Lawley: I think what would have helped us on this is to have been able to get outside support for what we’re doing — sponsorship and things like that — early in the process, so we weren’t trying to do that at the same time as we were trying to do really hard-core development. We should, earlier on, have come up with a clearer message to provide to potential advertisers and sponsors. We worked with a PR firm that said they were going to do that. One of things I learned from that is that it’s really important to have someone with a deep understanding of the game doing all the external contact. You can’t outsource that to a PR person. It really has to be a person who understands what it is we’re doing and why ‘re doing it, or it just doesn’t get response from the sponsors.

Both of you have mentioned that you’ve had a hard time crafting a quick pitch of the game to people who are outside the process. What’s been the attitude of D&C newspaper staff towards this alternate reality project?

Bauer: I haven’t heard anything negative, but I do think people are a little confused about exactly what it is, what it looks like at the end, how does it look to play it.
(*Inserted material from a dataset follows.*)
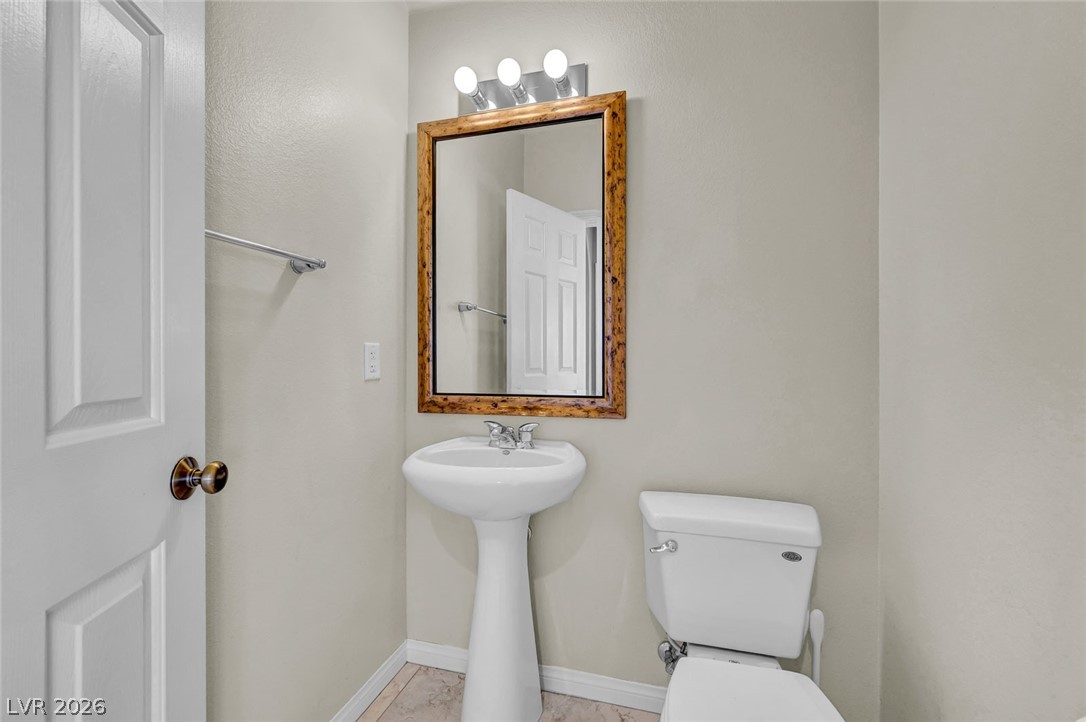 977 Sparkling Light Street Property Photo 23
We talked about it at staff meetings. My boss, the VP of news, is really good at motivating and kind of cheerleading about these things, and she’s very open about experimentation. But really the magic was the one-on-one, going to the photo editor and talking to her about what we wanted to do, and convincing her that her expertise was a valued part of the equation — the reporters, the photographers. The newsroom at large is a little bit — many of them are really going to have to see it to understand what it is.

You sound very optimistic about the project.
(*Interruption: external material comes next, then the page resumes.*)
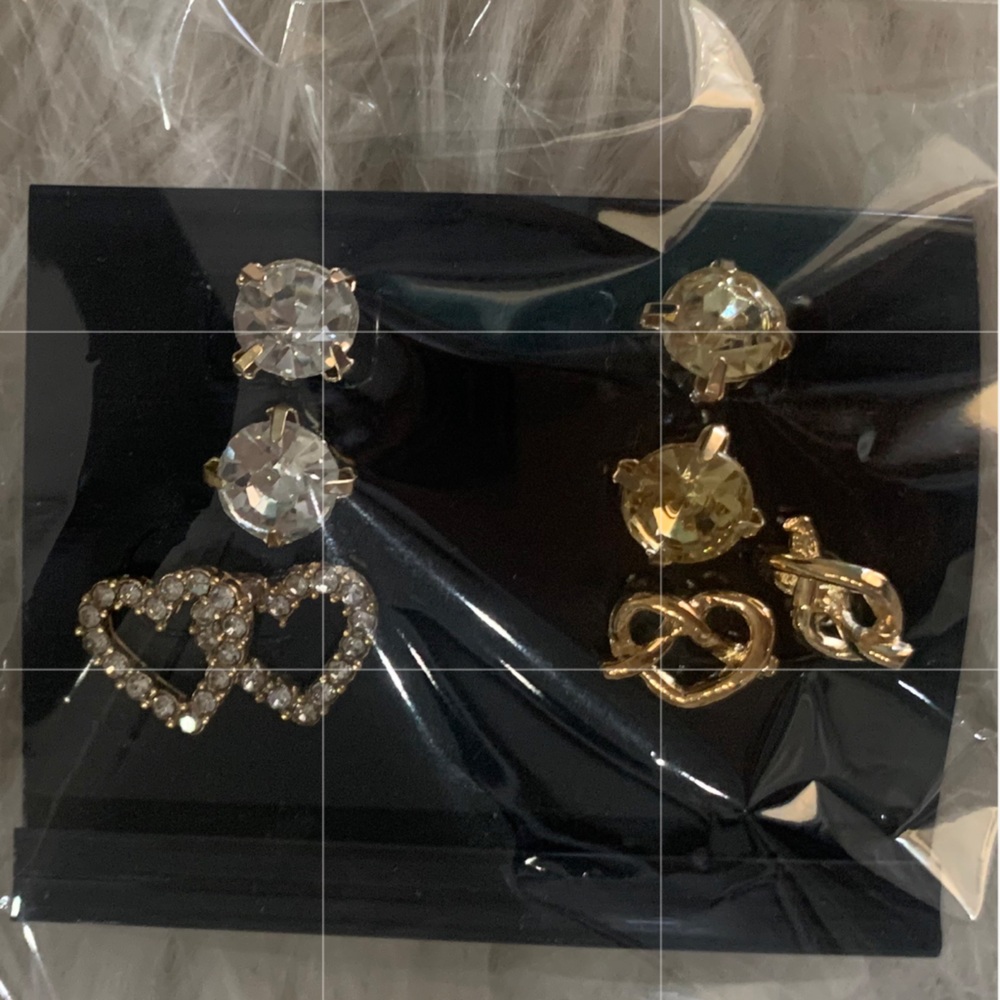 4 Set Gold Stud Earrings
Bauer: We did this on top of layoffs, raises being eliminated — at a time when morale wasn’t the best it’s ever been. But we were still able to motivate a pretty big group of people to want to be a part of this. It was a much needed boost at a time when we were really suffering as a group just to get a newspaper and website out. At a time when your newspaper is cutting back and cutting back, you need something to motivate them, to remind them why we’re still focused on the newspaper.

What kind of impact has direct collaboration with tech professors and students had on the newspaper?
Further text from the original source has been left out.